Dbro actually said (after the birth of his first) 'mum and dad must be so excited' I replied 'of course they are' he then said 'no I mean really excited, no day is more special than when your first born has their own child' - he is their first born (yes he did use the phrase 'first born')

He is obsessed with the fact that as the oldest and because he is a male, he is more important to mum and dad. You would think we were royals and he heir to the throne.

My son and their son have their birthdays 5 days apart. Sil organised an entire day out, 8-6, for her ds birthday on my sons birthday. Then demanded no one came to my sons birthday meal because her sons was more important.

The year later she tried it again. We booked ds' birthday party the weekend before his birthday. Sent the invites 2 months before. She claimed she had no clue we were having a party on that date. Even though she told me she had put it in the family diary.

She also told me that she 'hates' working mothers and thinks they should be banned from having kids.

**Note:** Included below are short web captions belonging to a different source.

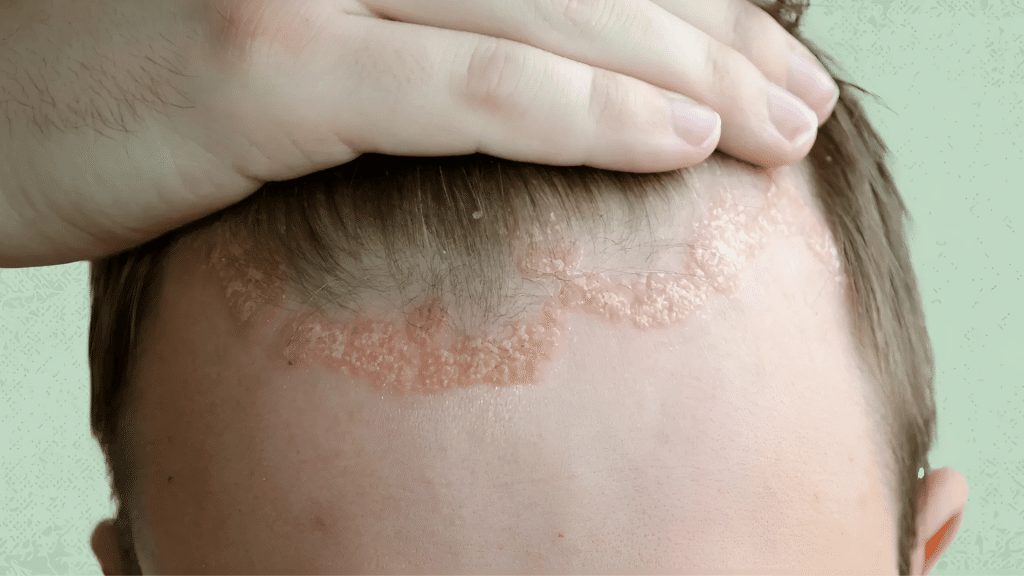 eczema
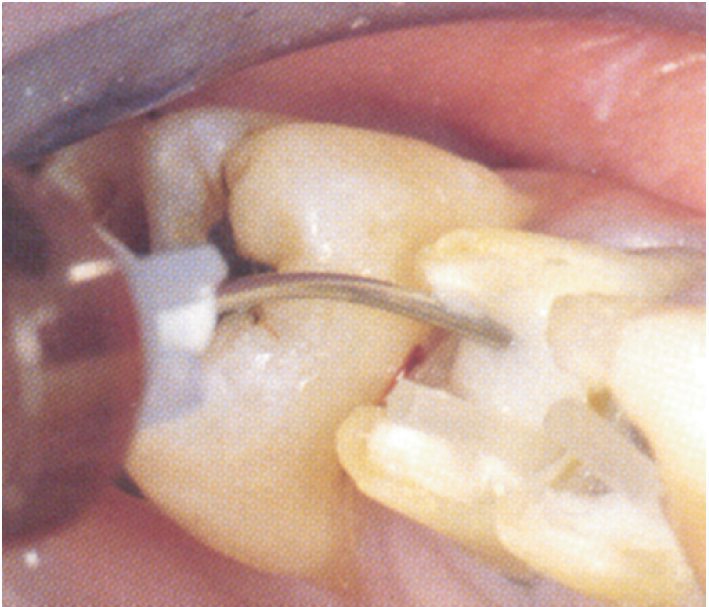 144-4-Permaflor-ULTRADENT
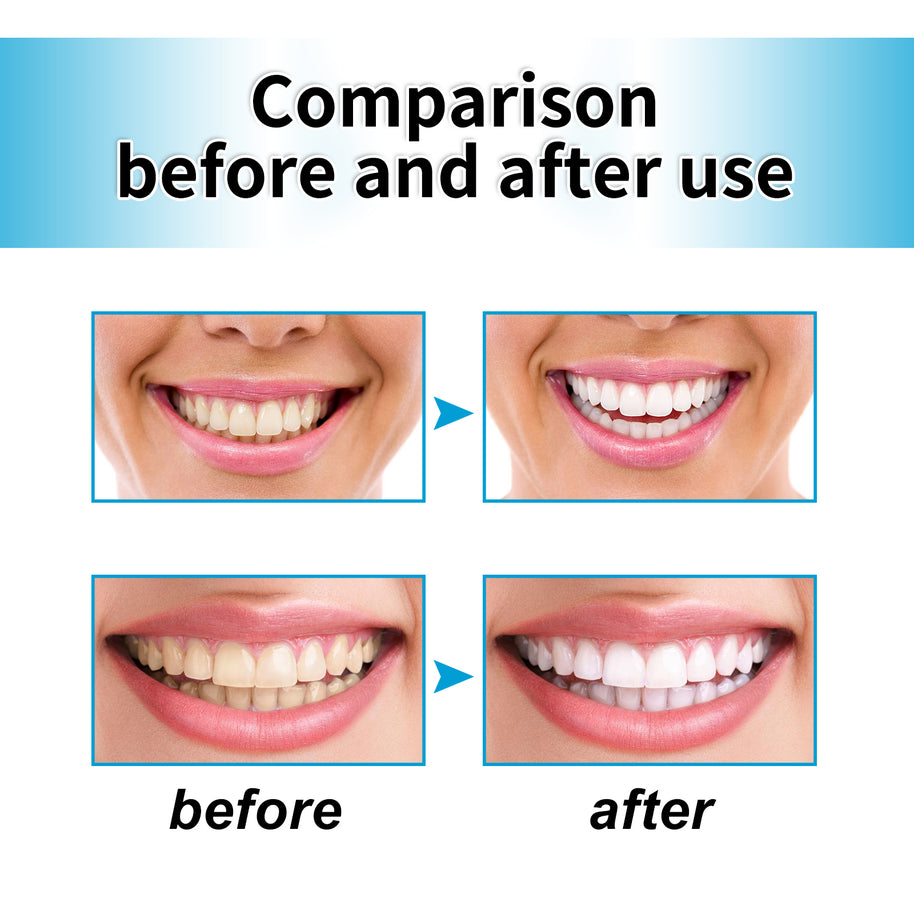 Whitening Tooth Powder - HaiyiBeauty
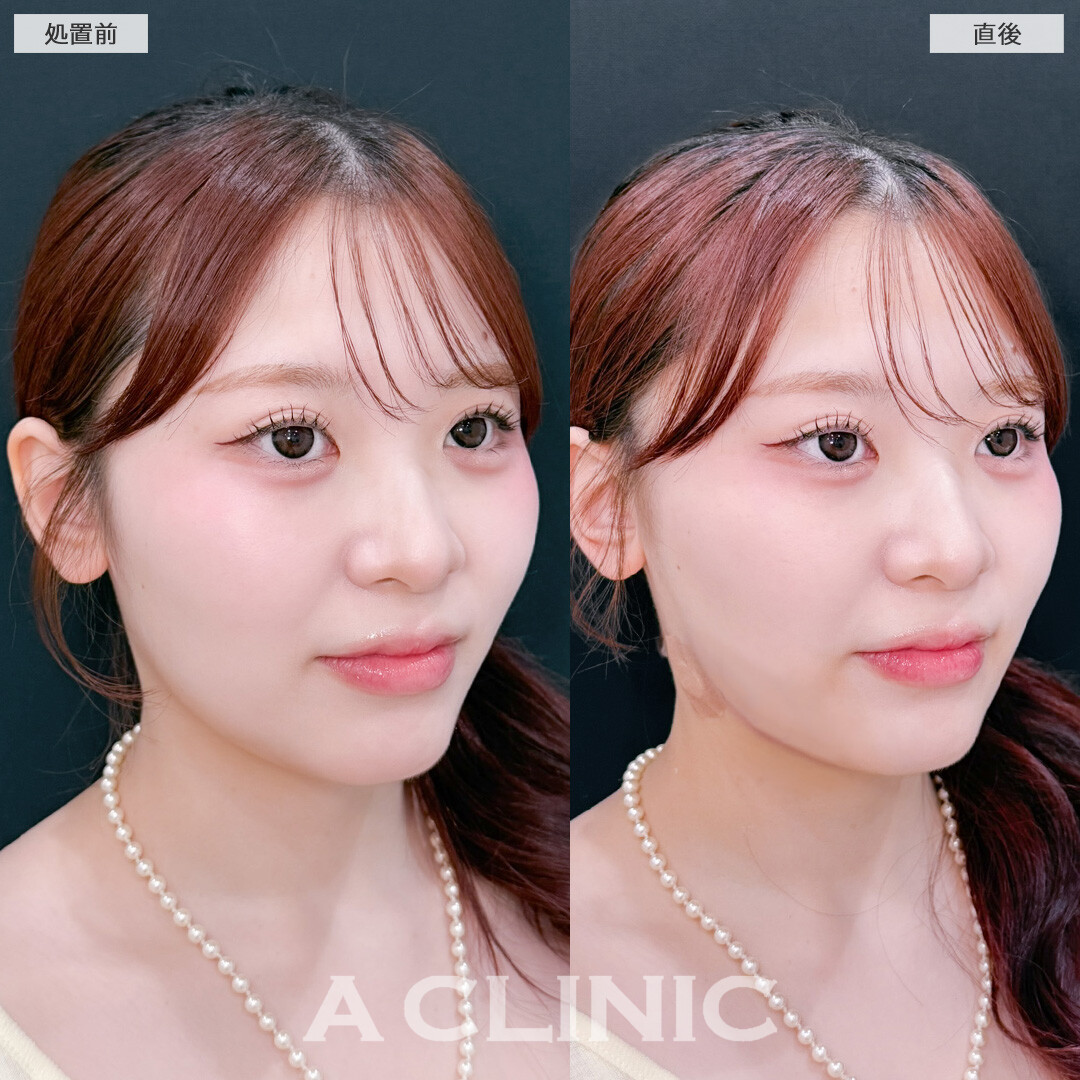 1day小顔脂肪吸引でダウンタイム少なく小顔に！こちら処置前と直後の症例です(20代女性)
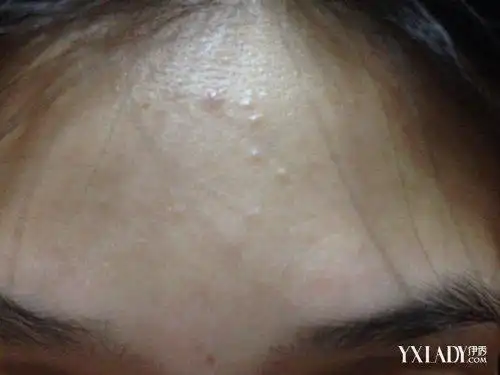 【图】额头上长粉刺怎么办 消除粉刺的三个方法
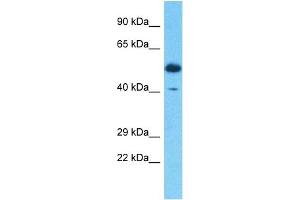 Host:  Rabbit  Target Name:  SERPINB3  Sample Type:  Thymus Tumor lysates  Antibody Dilution:  1. (SERPINB3 Antikörper  (C-Term))
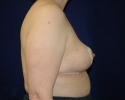 breast reduction one month after picture_322.JPG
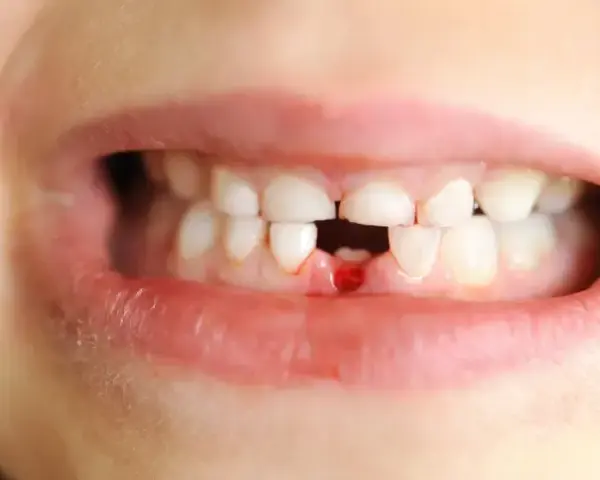 Wypadanie zębów mlecznych: objawy, kalendarz i kiedy do dentysty?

There are many many times they have done things like this.

Junosmum Sun 24-Apr-16 20:50:34

Depends who and why- good friends hen do, yes, good friend wanting to catch up with everyone in a given area because she lives the other end of the country, no.

Pixienott0005 Sun 24-Apr-16 20:56:00

If I didn't I wouldn't be where I am now.

I have to spend time with people every week that I don't like but it's to please those close to me so I have to.

I wish I could be as brave to just do what I want and speak to who I want to, not have to. But that is childish and you get nowhere with that attitude so there you go.

HolditFinger Sun 24-Apr-16 21:00:55

Nope. Life is too short I'm afraid. You don't have to do anything you don't want to do and you don't have to explain yourself to anyone either.

Birdsgottafly Sun 24-Apr-16 21:05:43

It depends on why I don't like them and their relationship to me.

There's family members of my ex that I didn't like because of their very different (bigoted) views. I avoided them at family do's.

He had friends that were sexist and one who was an outright woman hater. I refused to mix with them, at all.